Unter dem Pädagogen Adolf Koch (1896–1970) etablierte sich eine sozialistisch-proletarische FKK. Zahlreiche Arbeiter schlossen sich seiner Bewegung an. Mit einer Kombination aus Bildung, Pädagogik und Gesundheitsgymnastik sollte die Entmenschlichung des Körpers durch die Industriearbeit aufgehalten werden. Koch war überzeugt davon, dass die Nacktgymnastik den vom Kapitalismus ausgebeuteten Menschen heilen und das proletarische Selbstbewusstsein stärken könnte.
Eine andere Richtung schlug die völkische Bewegung der Freikörperkultur ein. Dort vermengten sich rassistische, antisemitische, sozialdarwinistische sowie okkulte Ideen, genährt von düsteren Untergangsszenarien und Ängsten um die Zukunft der »überbekleideten Germanen«. Diese FKK griff Inhalte der Lebensreformer auf und verpflanzte sie in ihre esoterisch-völkische Ideologie. Im Vordergrund stand auch hier, den Körper gesund zu halten – allerdings den explizit volksdeutschen Körper. Nur durch Sport, gute Ernährung sowie die Stählung des nackten Leibs in Wind und Wetter könnte dieser gestärkt und auf mögliche Kriege vorbereitet werden.
Nackt, sportlich, gesund – lautete das Versprechen
In der Weimarer Republik stiegen die nackten Außenseiter zur Massenbewegung auf, etliche Vereine und Verbände entstanden. In diesen goldenen Jahren der FKK gehörten ihr mehrere zehntausend Menschen an. Immer mehr frönten der körperlichen Ertüchtigung im Adamskostüm. »Mit dieser Versportlichung ließ sich die Freikörperkultur als Gesundheitspraxis darstellen«, betont Maren Möhring. Die FKK war damit anschlussfähig geworden, sie versprach jedem einen physischen Profit.
In hohen Auflagen wurden nun auch einschlägige Zeitschriften mit klangvollen Titeln wie »Die neue Zeit« (seit 1928 in der Schweiz) oder »Lachendes Leben« (seit 1925) an den Kiosken verkauft. Einige Blätter wie »Kraft und Schönheit – Zeitschrift für vernünftige Leibeszucht« (von 1901 bis 1927) waren schon zuvor gedruckt worden. Die Grenze zur Pornografie verlief in den Heften allerdings fließend. »Die Auflagen dieser Zeitschriften waren höher als die Mitgliederzahlen der FKK-Vereine. Viele Menschen haben sie wohl eher der Bilder wegen gekauft und nicht, weil sie sich für das Thema FKK interessierten«, vermutet Möhring.
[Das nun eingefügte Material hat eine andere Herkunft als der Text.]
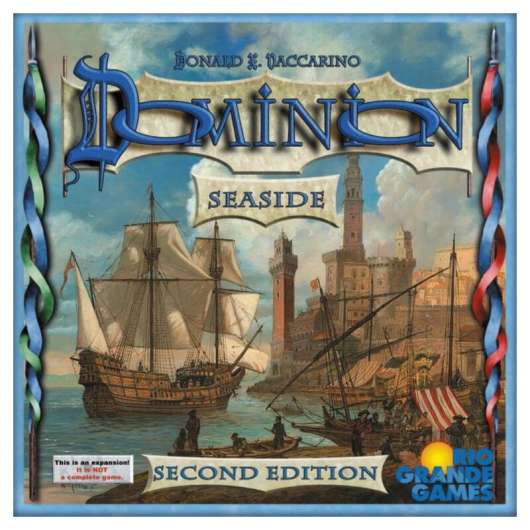 Dominion: Seaside, Second Edition (Eng)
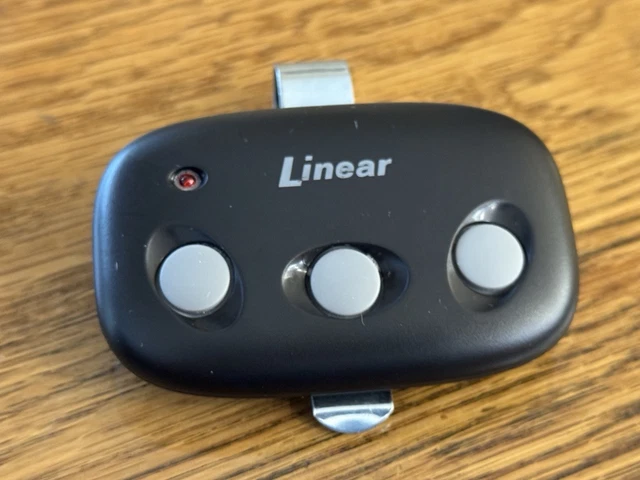 GENUINE MCT-3 LINEAR Megacode 3-Button Garage Door Remote DNT00089 With ...
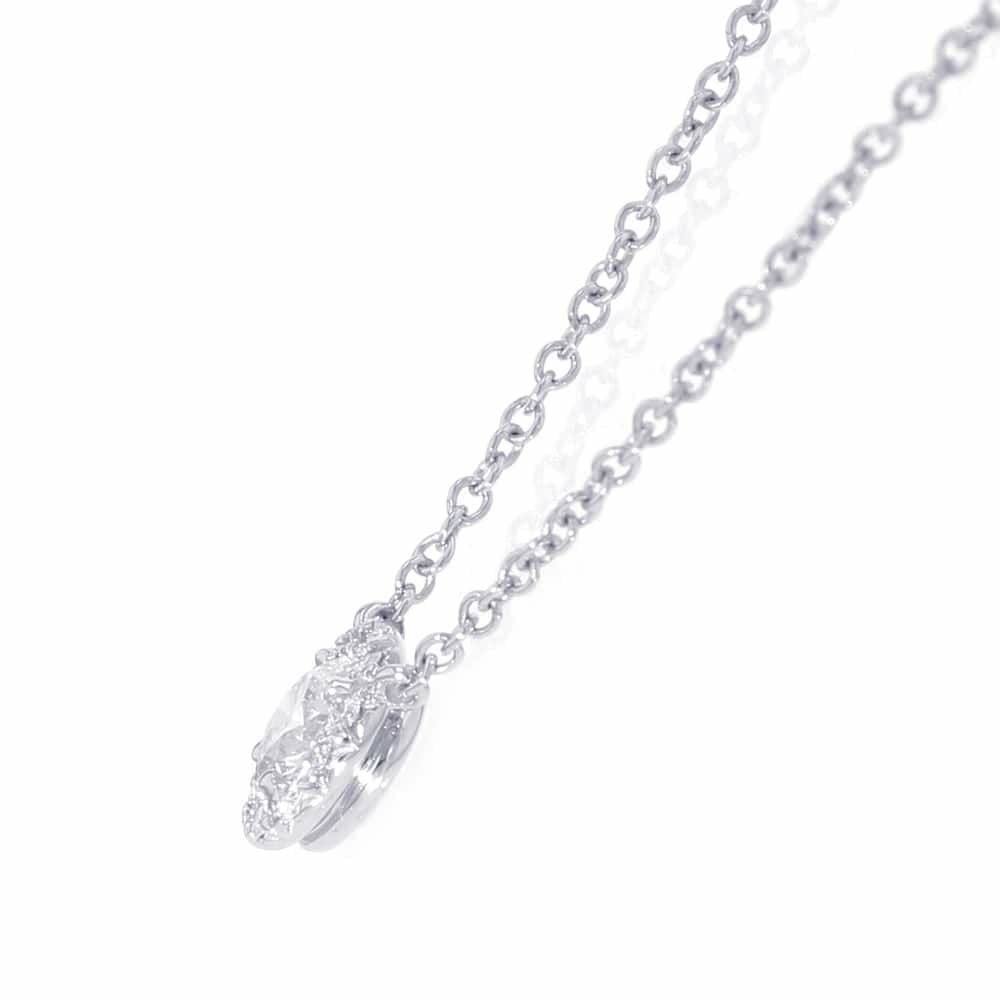 ティファニー ネックレス ソレスト ペンダント ダイヤモンド 0.23ct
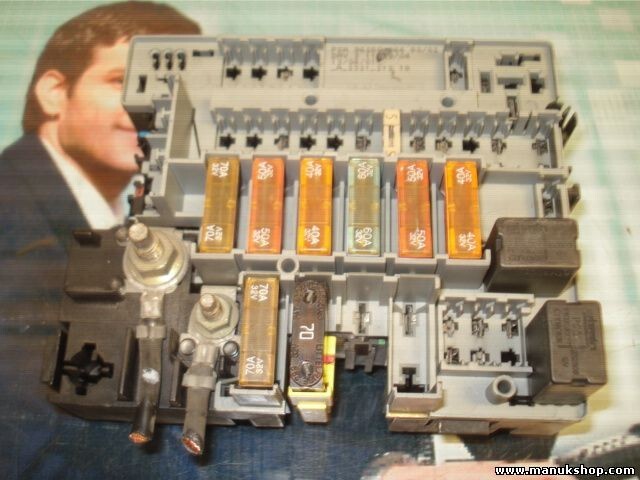 Sicherungskasten Peugeot 206 406 962802448002 9628024480 DAV 3 11559/04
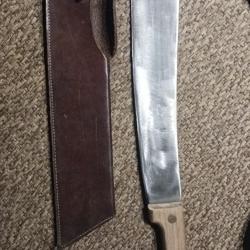 Coupe coupe tirailleur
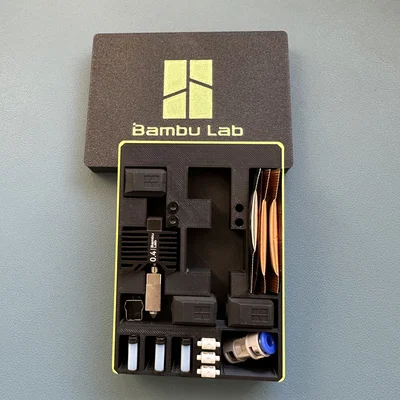 Hộp Phụ Kiện Nhỏ Gọn cho X1C/P1S/P1P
Mit der Kommerzialisierung der FKK schien der Anblick nackter Körper immer weniger auf Widerspruch gestoßen zu sein. Ein Prozess gegen die »Nackerten« in der Schweiz 1926 jedenfalls endete mit einem Freispruch. Die Begründung der Richter: Der Zeitgeist habe sich geändert. Der Anblick nackter Menschen sei nicht mehr per se anstößig. Jedenfalls bis 1933 konnte diese Ansicht bestehen bleiben.
Mit den Nationalsozialisten endete die goldene Ära der FKK. Vereine, die sich freiwillig gleichschalteten, Juden ausschlossen und sich umbenannten, blieben erlaubt. Sie gingen im »Kampfring für völkische Freikörperkultur« auf, der später »Bund für Leibeszucht« hieß. Obwohl die Zurschaustellung gestählter Körper der Ideologie der Nazis entsprach, blieb ihnen die Nacktkultur der 1920er Jahre suspekt und ihre Haltung dazu ambivalent. Erst nach dem Zweiten Weltkrieg sollte die FKK-Bewegung wieder aufleben – ohne die ideologischen Verstrickungen der Vergangenheit.